Skip every picture while you write out the records below, from the first line through the one that contains "Roomlala | Proprietário", both ends kept.
================================
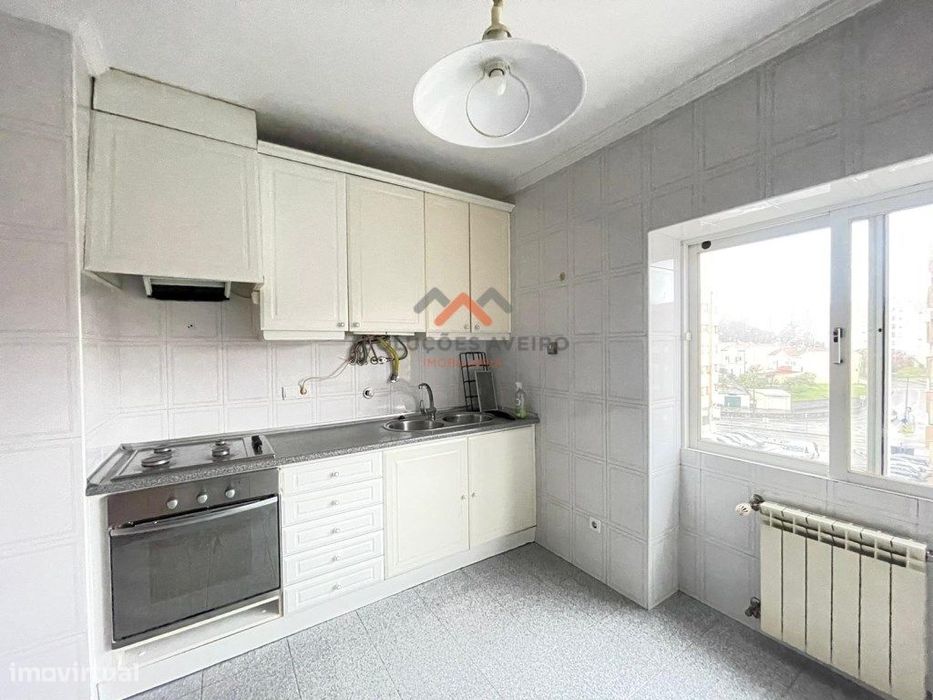 Apartamento T3 em Esgueira - Conforto, Espaço e Excelente Localização — Esgueira, Aveiro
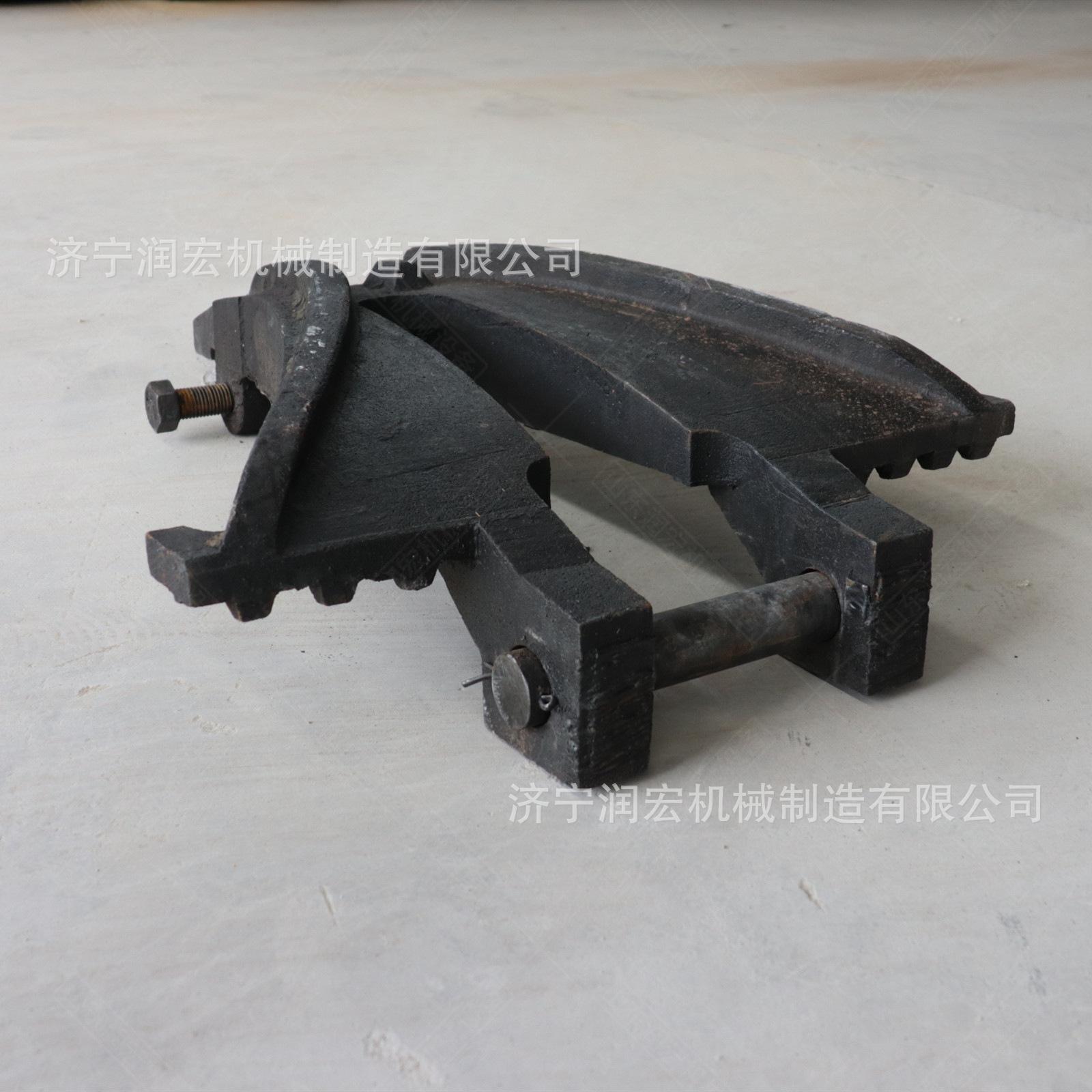 60轨人字形复轨器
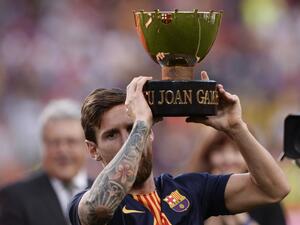 ميسي يرفع كأس البطولة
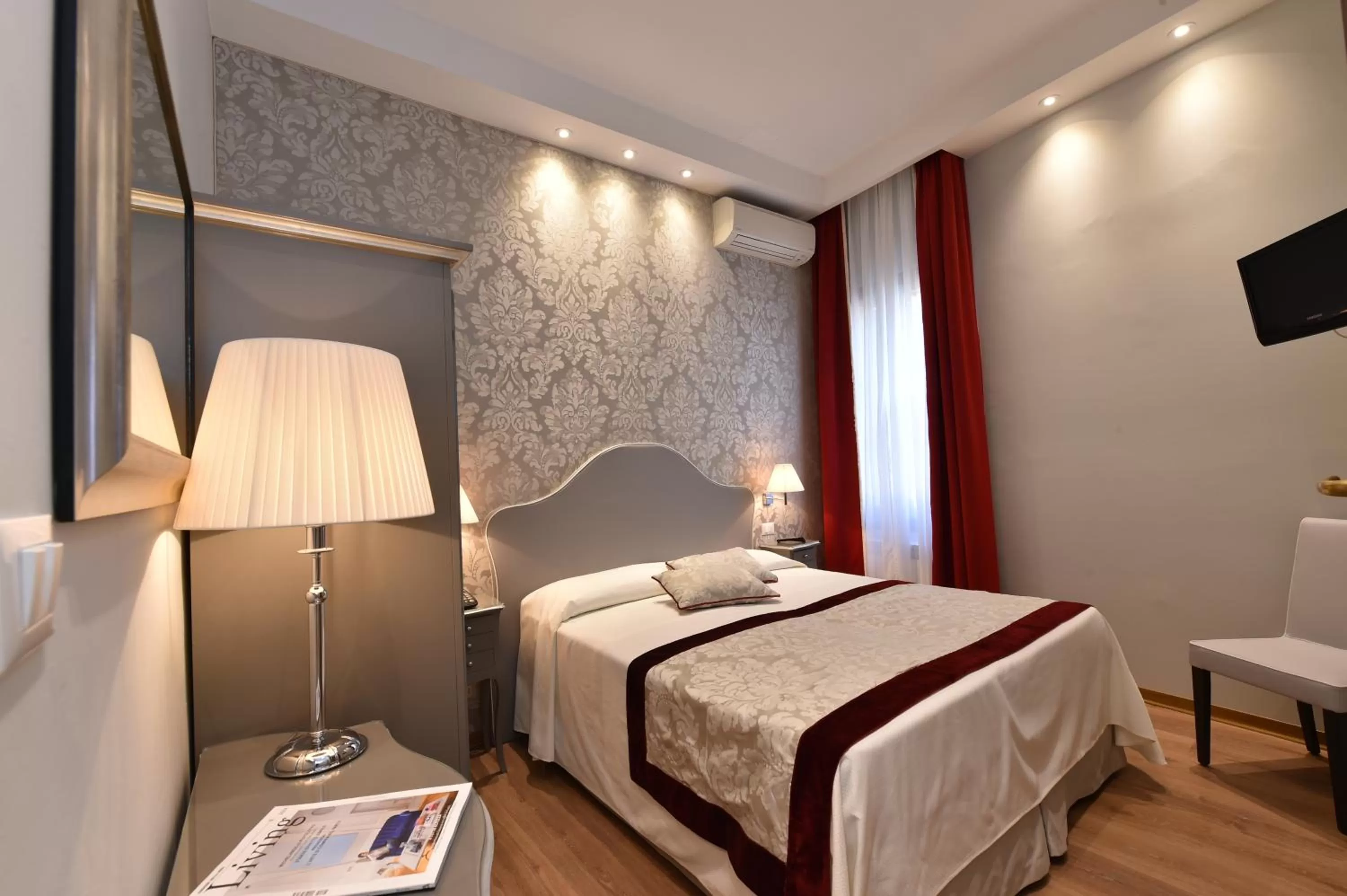 Photo of the whole room, Bed in Hotel Villa Rosa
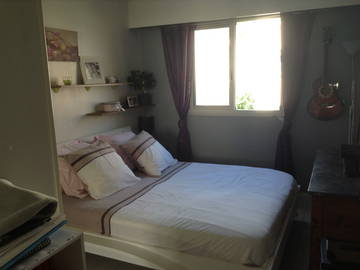 Roomlala | Proprietário oferece acomodação compartilhada em Cannet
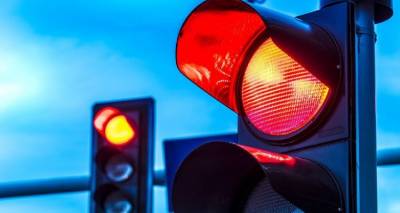 &Mu;ύ&rho;&iota;&nu;&alpha;: &Beta;&lambda;ά&beta;&eta; &sigma;&tau;&omicron;&upsilon;&sigmaf; &phi;&omega;&tau;&epsilon;&iota;&nu;&omicron;ύ&sigmaf; &sigma;&eta;&mu;&alpha;&tau;&omicron;&delta;ό&tau;&epsilon;&sigmaf; &sigma;&tau;&omicron; &Tau;&rho;ί&phi;&omega;&tau;&omicron;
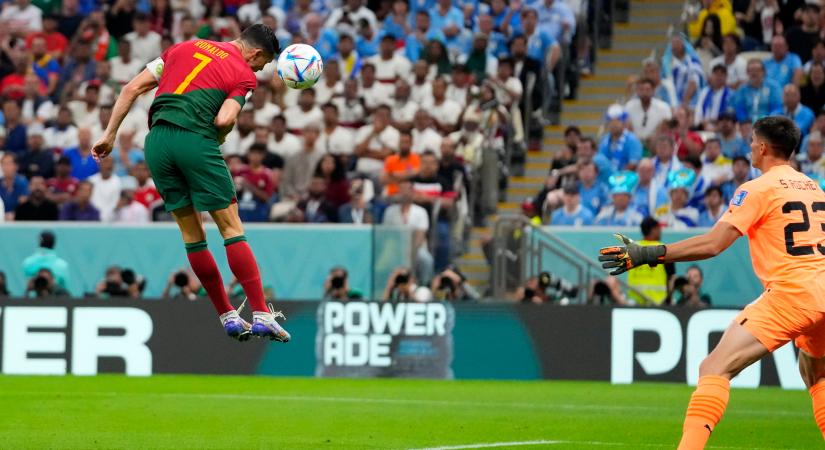 Ronaldo „majdnem gólja” után portugál továbbjutás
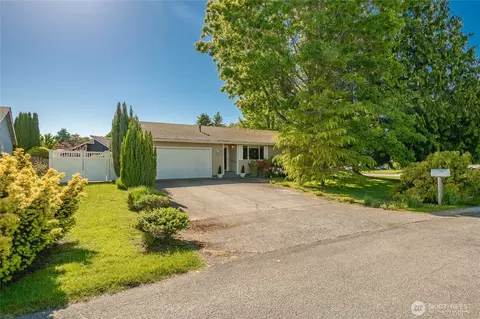 8459 Catalina Ct, Blaine, WA 98230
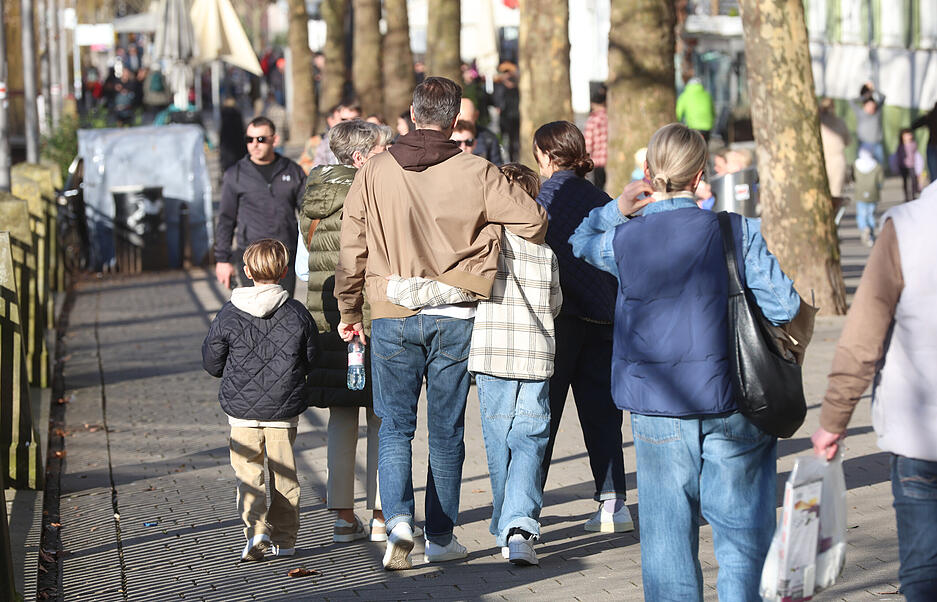 Frühlingshafte Temperaturen locken viele Besucher in die Heilbronner Innenstadt.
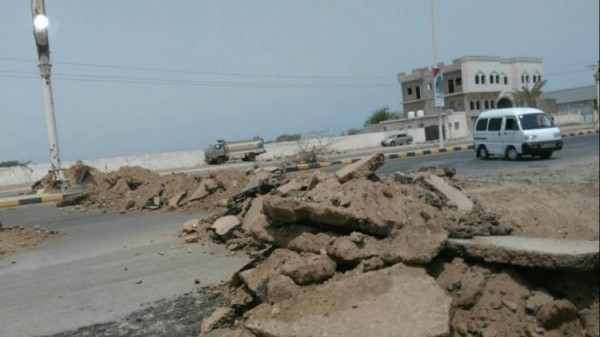 مليشيا الحوثي تفخخ مبنى مستشفى 22 مايو بالحديدة وتفجره بعد الهروب منه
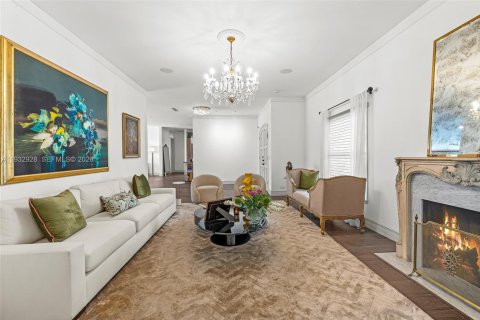 House in Miami, Florida 5 bedrooms, 338.63 sq.m. № 2010989 - photo 21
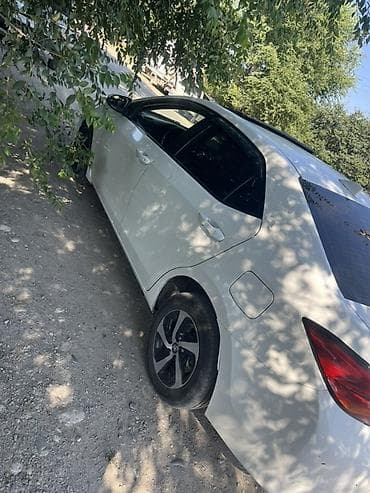 стоп 221: Toyota Corolla: 2018 г., 1.8 л, Автомат, Гибрид, Седан — 6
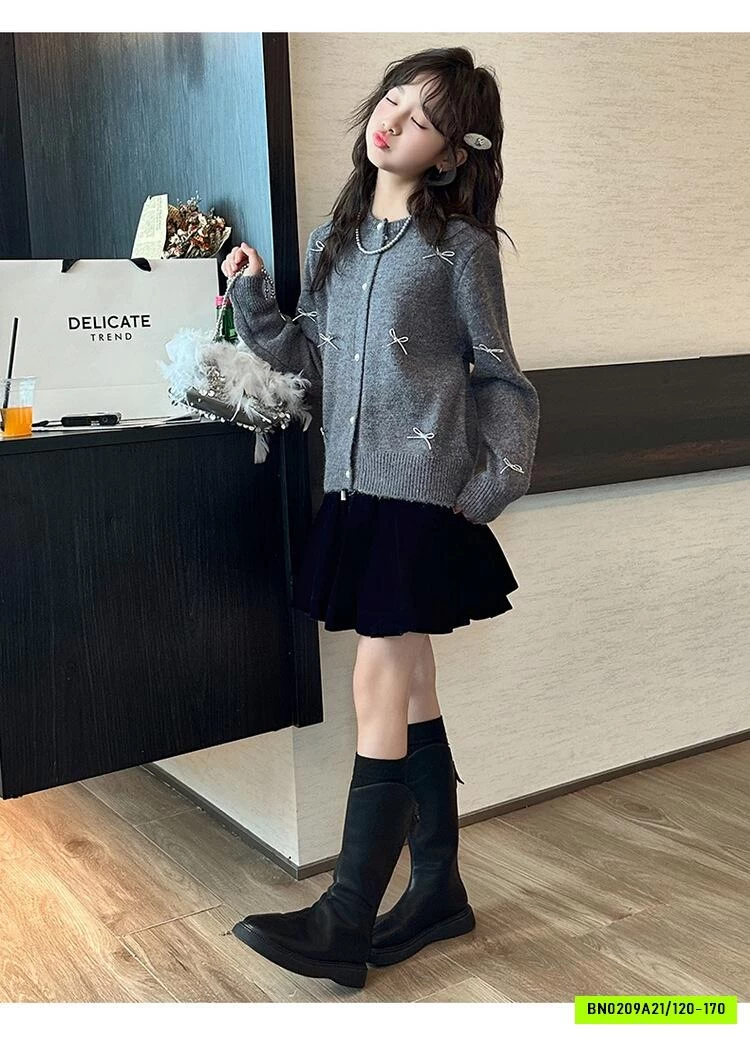 LEN XÁM GẮN NƠ MIX CV XẾP LY ĐEN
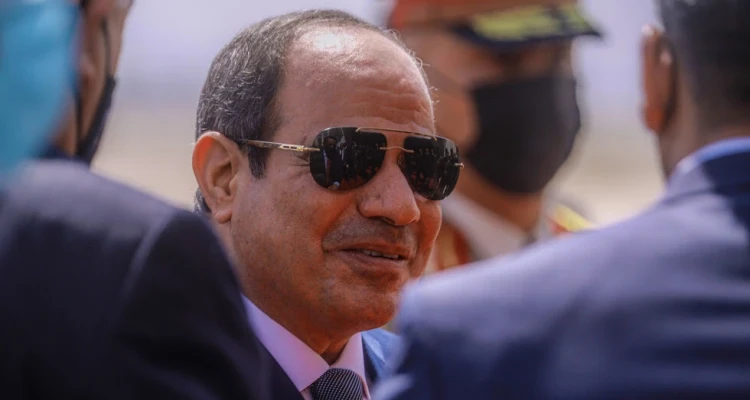 "إن تطلب الأمر سيتدخل الجيش".. السيسي يصدر قراراً حاسماً ويتوعد المتورطين
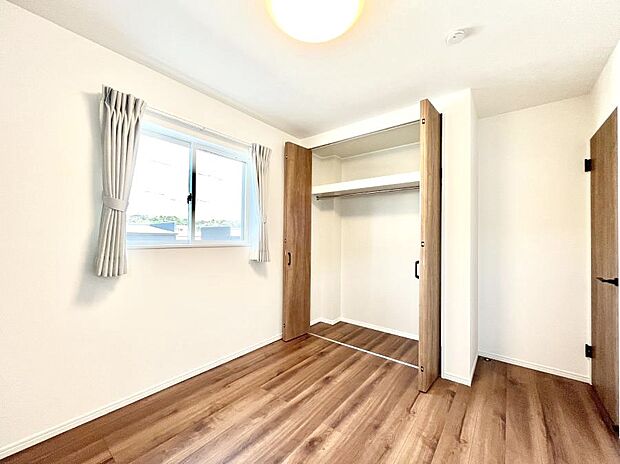 〜Bed Room〜　部屋数が多いのが戸建てのメリットです。ご家族が増えたことで手狭に感じていた住まいも戸建てでは各居室プライバシーを保つことができます。住まいにゆとりが生まれ心もリラックスできます♪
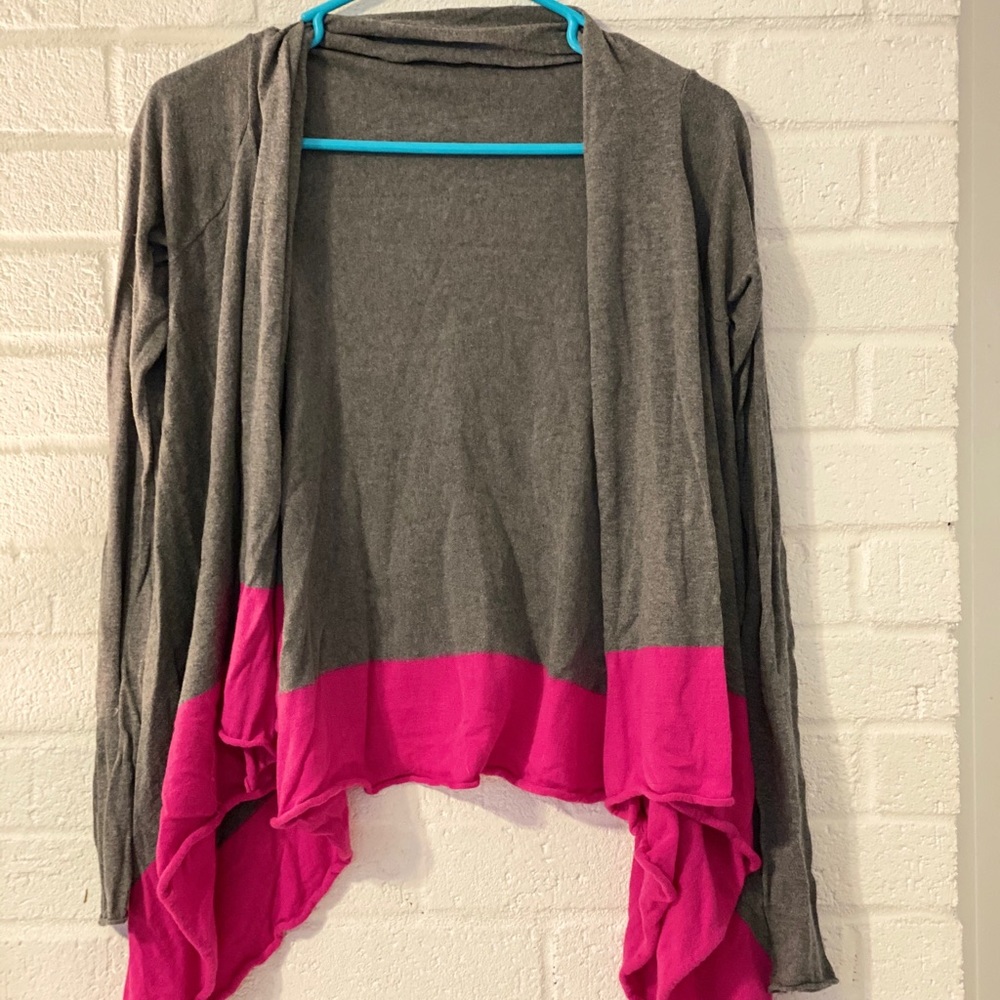 Express cardigan, hot pink detail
================================
▸ **Answer to the exercise**
 Apartamento T3 em Esgueira - Conforto, Espaço e Excelente Localização — Esgueira, Aveiro
 60轨人字形复轨器
 ميسي يرفع كأس البطولة
 Photo of the whole room, Bed in Hotel Villa Rosa
 Roomlala | Proprietário oferece acomodação compartilhada em Cannet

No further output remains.